Jak wyjaśniono, "Donald Tusk spotkał się w Berlinie z Angelą Merkel w poniedziałek późnym wieczorem na spotkaniu roboczym". "Lider Platformy Obywatelskiej miał jej nakreślić sytuację, jaka ma miejsce na granicy polsko-białoruskiej. Przekonywał, że działania reżimu Aleksandra Łukaszenki zagrażają nie tylko Polsce, ale też Litwie i całej Unii Europejskiej" - czytamy w artykule.
Podkreślono, że "potwierdzenie tych słów ma odzwierciedlenie w liście, który Tusk wystosował do europejskich przywódców".

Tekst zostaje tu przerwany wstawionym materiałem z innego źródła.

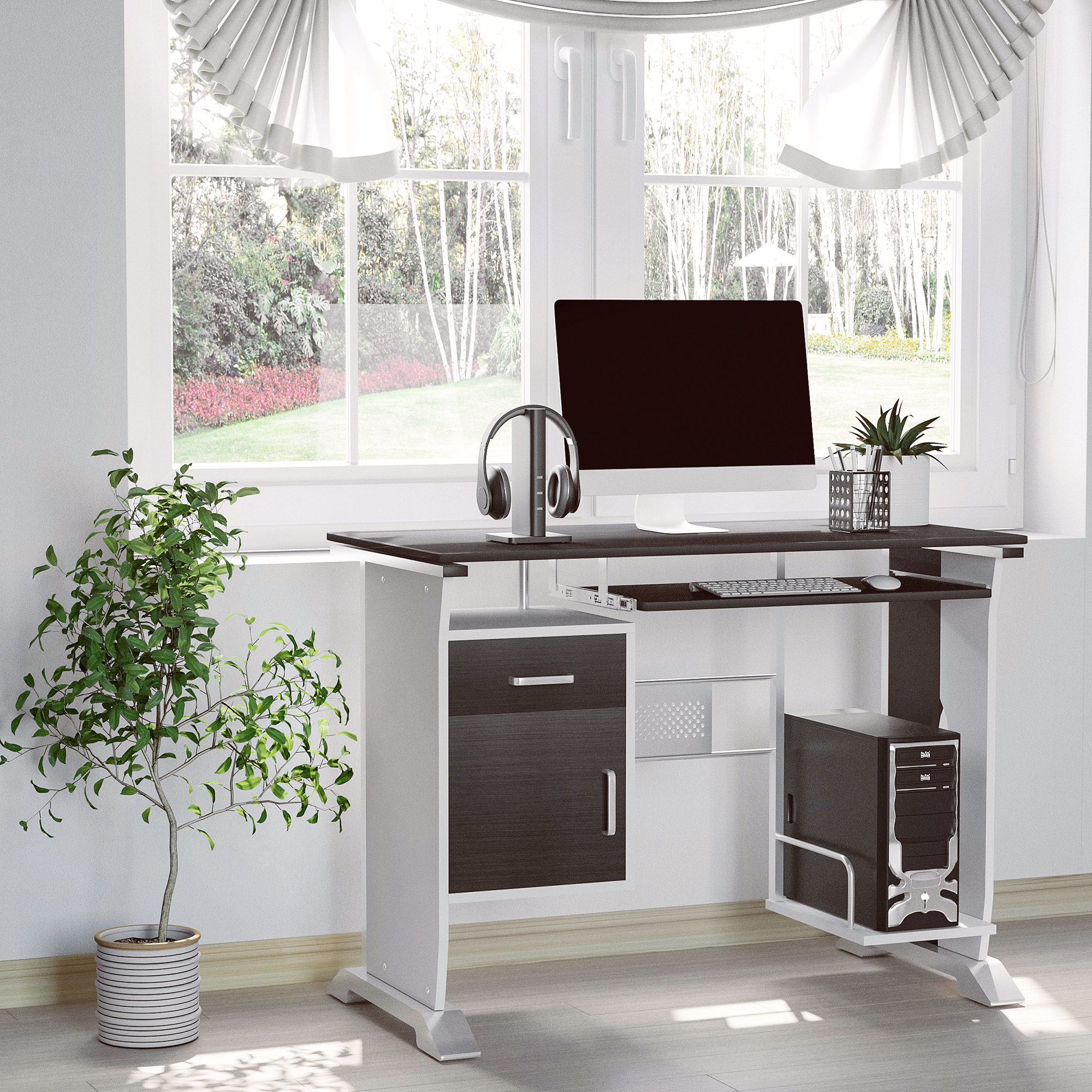 Una moderna scrivania con computer, cuffie e una pianta si trova davanti a una finestra luminosa con giardino.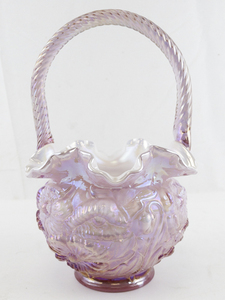 lot 24 image: 1997 8.5 FENTON Dusty Rose Poppy Overlay Iridescent Glass Basket 1997 8.5 FENTON Dusty Rose Poppy Overlay Iridescent Glass Basket -Measures 8.5x5.5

Nie będę zaprzeczał, takie spotkanie miało miejsce w poniedziałek późnym wieczorem. Dotyczyło sytuacji na polsko-białoruskiej granicy - przyznał w rozmowie z Interią rzecznik PO Jan Grabiec.
Jak wyjaśniono, "zaraz po spotkaniu Tusk udał się do Brukseli, gdzie, jak przekonują rozmówcy Interii, prowadzi ofensywę dyplomatyczną". - W jego agendzie ma się znajdować wiele spotkań z przywódcami europejskimi, a także liderami instytucji unijnych - czytamy na portalu.
Według informacji Interii, Tusk, z przerwą na spotkanie z ZNP w Gdańsku, miał liczne spotkania od wtorku do środy. - Planuje też zostać w Brukseli również 11 listopada - zaznaczono.
Jak przypomniano, "Tusk w środę wieczorem opublikował list otwarty do przywódców europejskich". "Pisze w nim m.in. +niezależnie od waszych poglądów na kwestię migracji musimy, podkreślam - musimy, jako wspólnota polityczna użyć wszystkich dostępnych środków nacisku w celu powstrzymania eskalacji napięcia na wschodniej granicy Unii Europejskiej+" - czytamy na portalu.